# What you will do
Lines from the one with "Dark Spirit of" up to and including the one with "Comic Review |" are to be copied exactly from the records below, without their pictures.
[Working data]
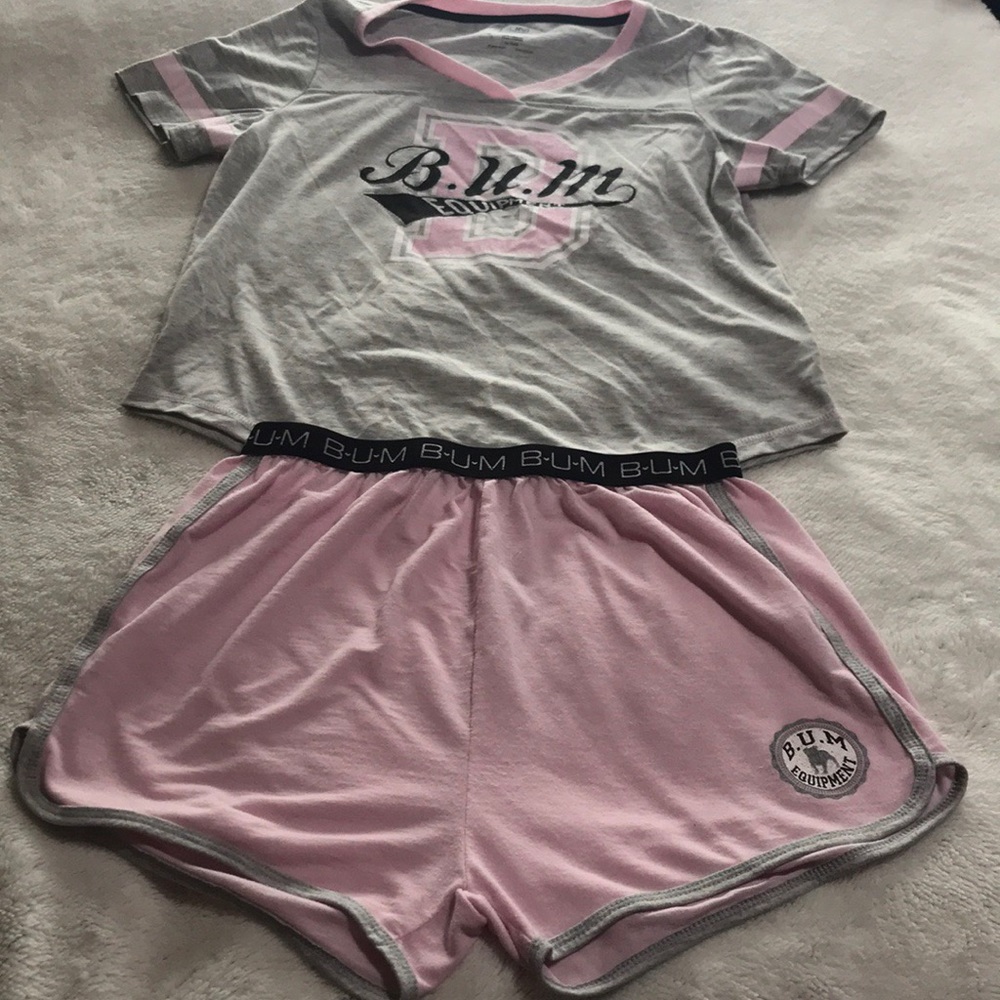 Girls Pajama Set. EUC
[/Working data]
[Working data]
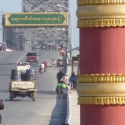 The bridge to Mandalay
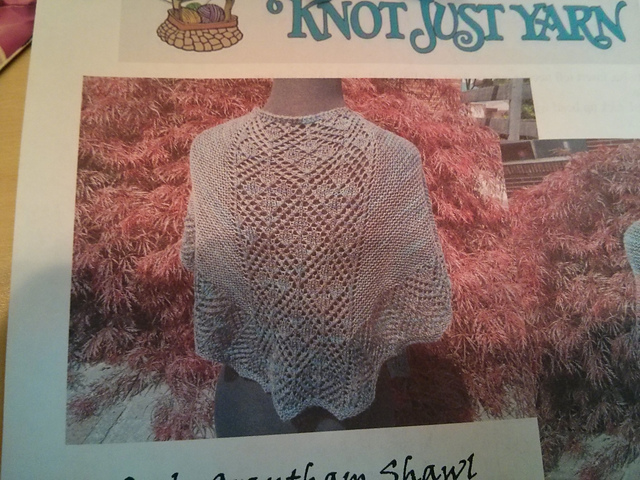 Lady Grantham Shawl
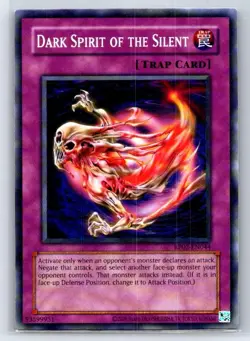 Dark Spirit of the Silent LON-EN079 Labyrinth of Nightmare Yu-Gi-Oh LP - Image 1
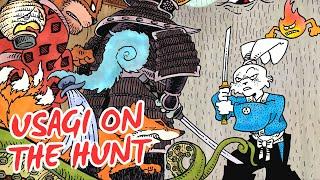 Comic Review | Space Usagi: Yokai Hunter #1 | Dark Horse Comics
[/Working data]
[Working data]
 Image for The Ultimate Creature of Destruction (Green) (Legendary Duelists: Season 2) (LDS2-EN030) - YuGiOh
[/Working data]
# Expected answer
 Dark Spirit of the Silent LON-EN079 Labyrinth of Nightmare Yu-Gi-Oh LP - Image 1
 Comic Review | Space Usagi: Yokai Hunter #1 | Dark Horse Comics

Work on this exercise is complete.